• Your task:
Each record must be copied in full and unchanged; any image it holds is excluded.

• Exercise material:
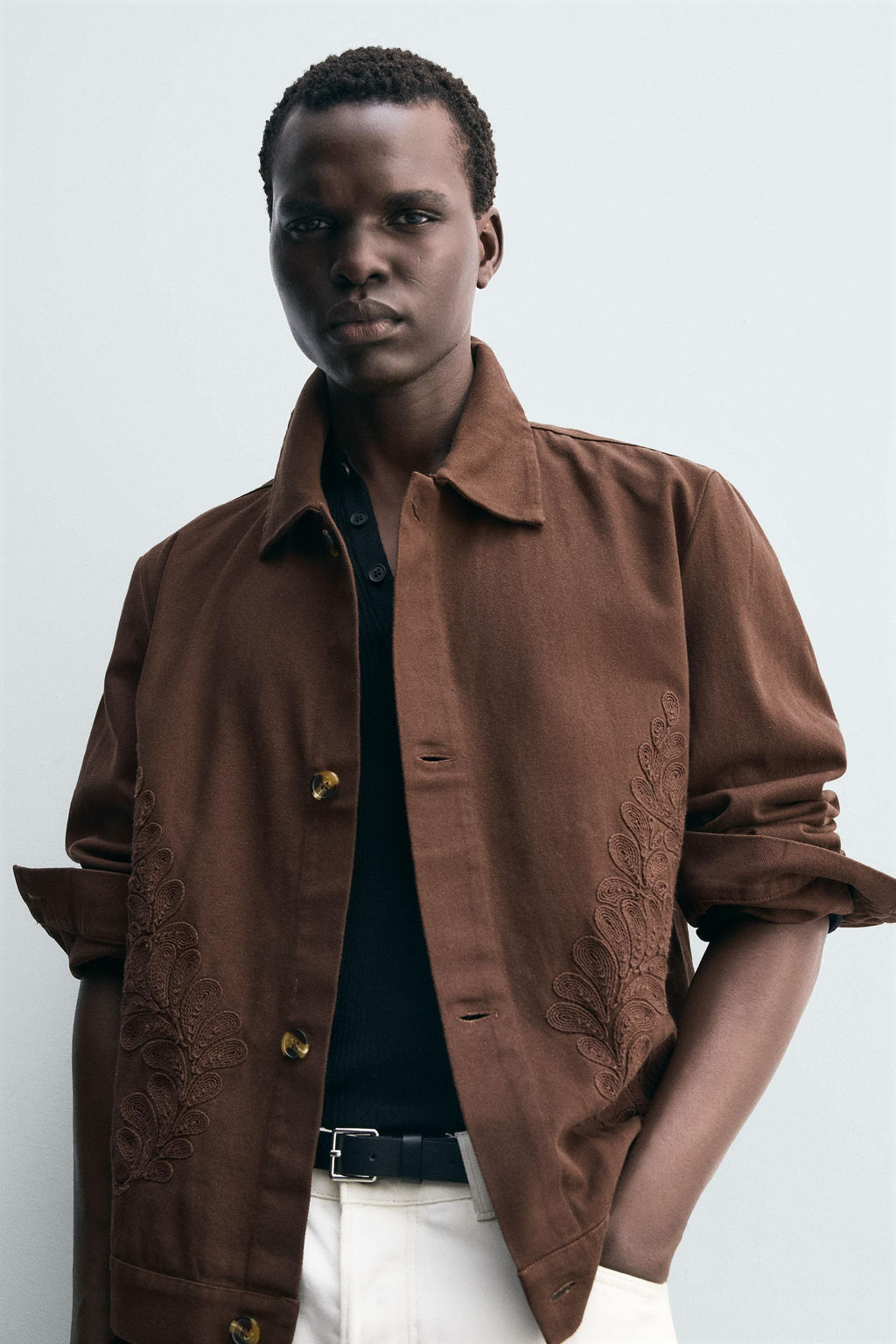 EMBROIDERED STRUCTURED OVERSHIRT - Zara фото 5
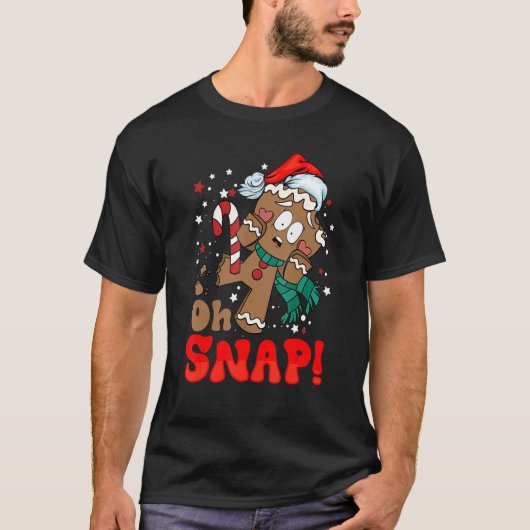 Oh Snap Gingerbrood Man Retro Kerstfamilie Mat T-shirt (Voorkant)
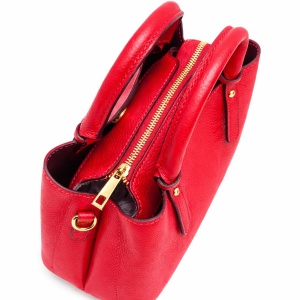 Geanta din piele naturala SAVIANA Red - Img 3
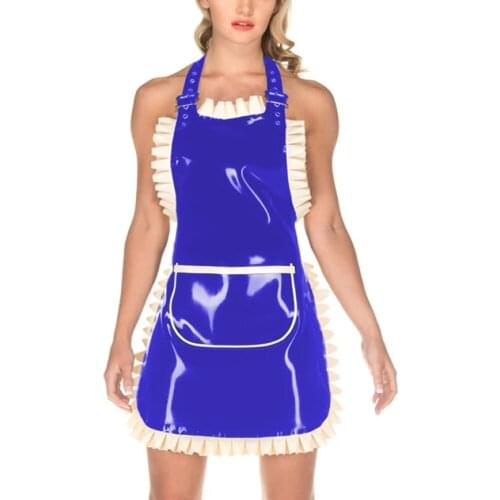 Maid Dress Ruffled Princess Apron Uniform PVC Siamese Dress Fashion Cosplay Costumes Plus Size 7XL Halloween Outfits for Women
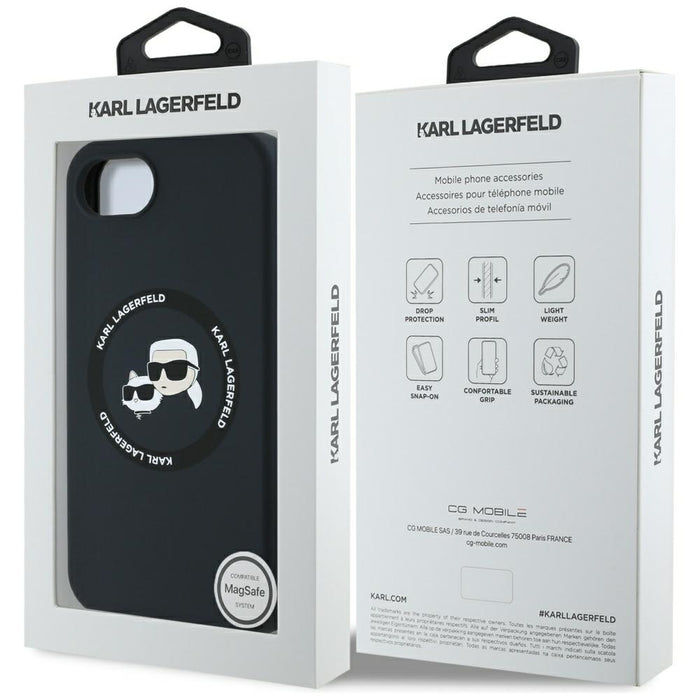Karl Lagerfeld Liquid Silicone Karl & Choupette Heads Case with MagSafe for iPhone 16e - Black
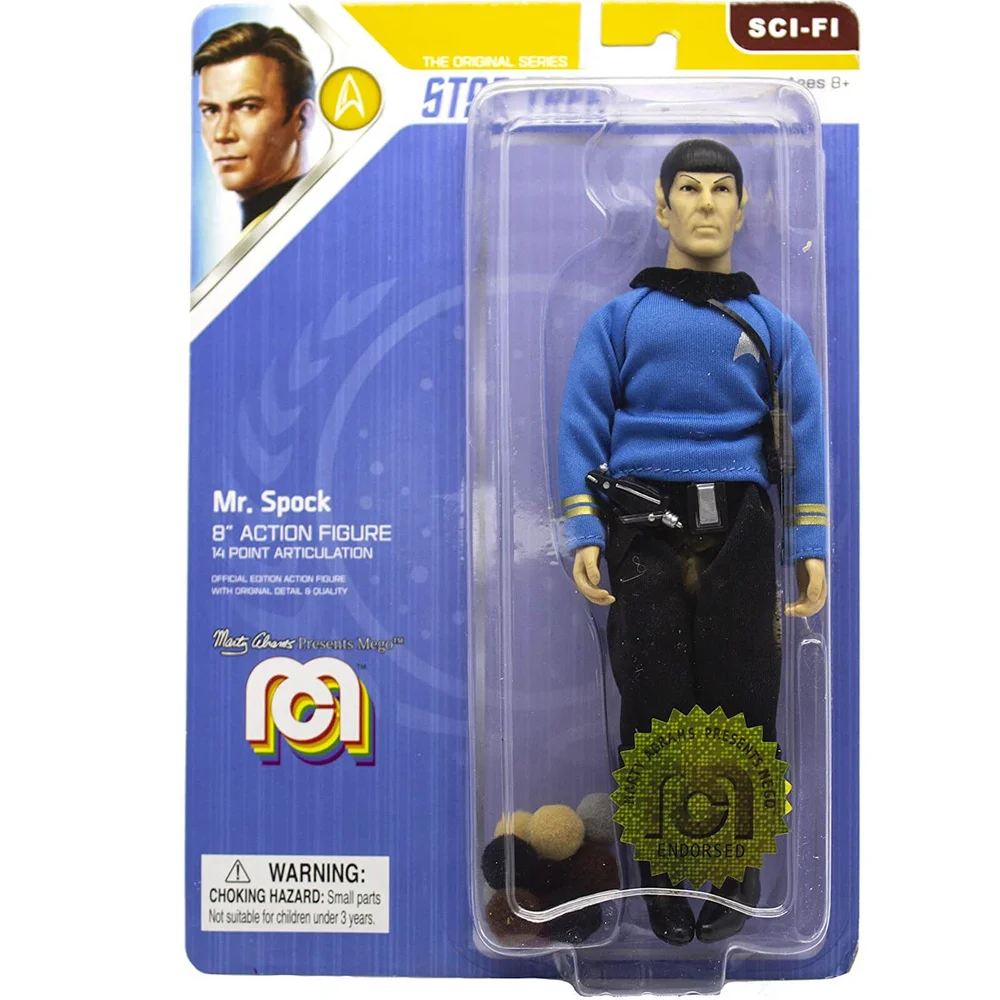 Mego Star Trek - Mr. Spock - Blue Shirt and Tribbles 8 Inch Action Figure Afbeelding 1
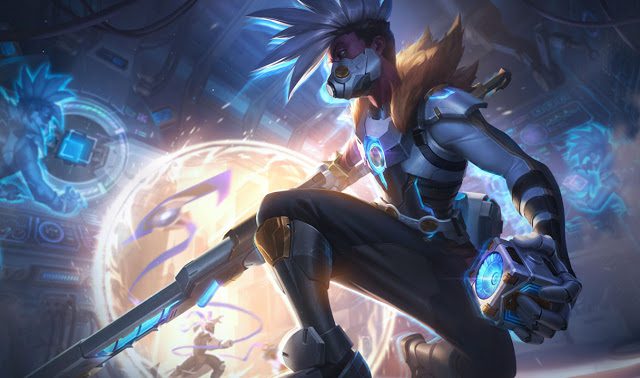 Ekko is building some device and gets caught by Thresh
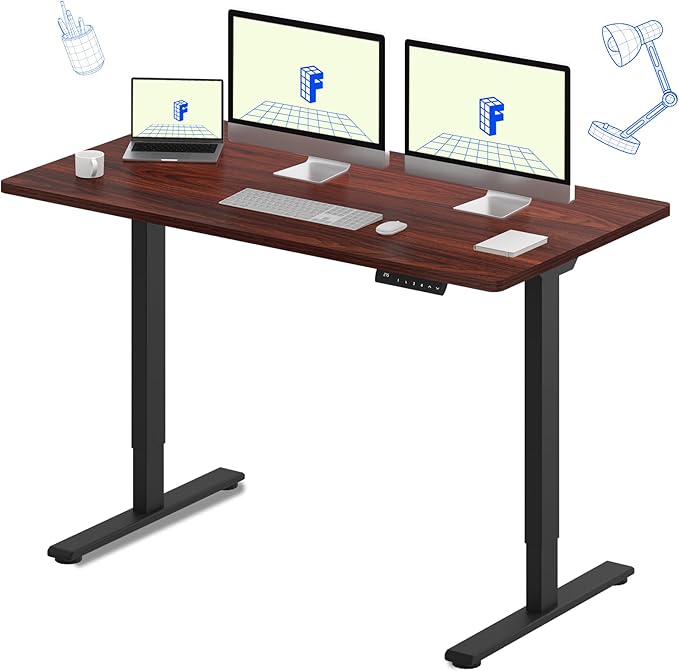 FLEXISPOT E3 Dual Motor 60 x 24 Electric Standing Desk Sit Stand Up Desk, Holds 220 lbs, Adjustable Height w/ Memory Presets, One-Piece Mahogany Desktop & Black Frame, Ships in 2 Boxes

• Solution for this problem:
 EMBROIDERED STRUCTURED OVERSHIRT - Zara фото 5
 Oh Snap Gingerbrood Man Retro Kerstfamilie Mat T-shirt (Voorkant)
 Geanta din piele naturala SAVIANA Red - Img 3
 Maid Dress Ruffled Princess Apron Uniform PVC Siamese Dress Fashion Cosplay Costumes Plus Size 7XL Halloween Outfits for Women
Karl Lagerfeld Liquid Silicone Karl & Choupette Heads Case with MagSafe for iPhone 16e - Black
 Mego Star Trek - Mr. Spock - Blue Shirt and Tribbles 8 Inch Action Figure Afbeelding 1
 Ekko is building some device and gets caught by Thresh
 FLEXISPOT E3 Dual Motor 60 x 24 Electric Standing Desk Sit Stand Up Desk, Holds 220 lbs, Adjustable Height w/ Memory Presets, One-Piece Mahogany Desktop & Black Frame, Ships in 2 Boxes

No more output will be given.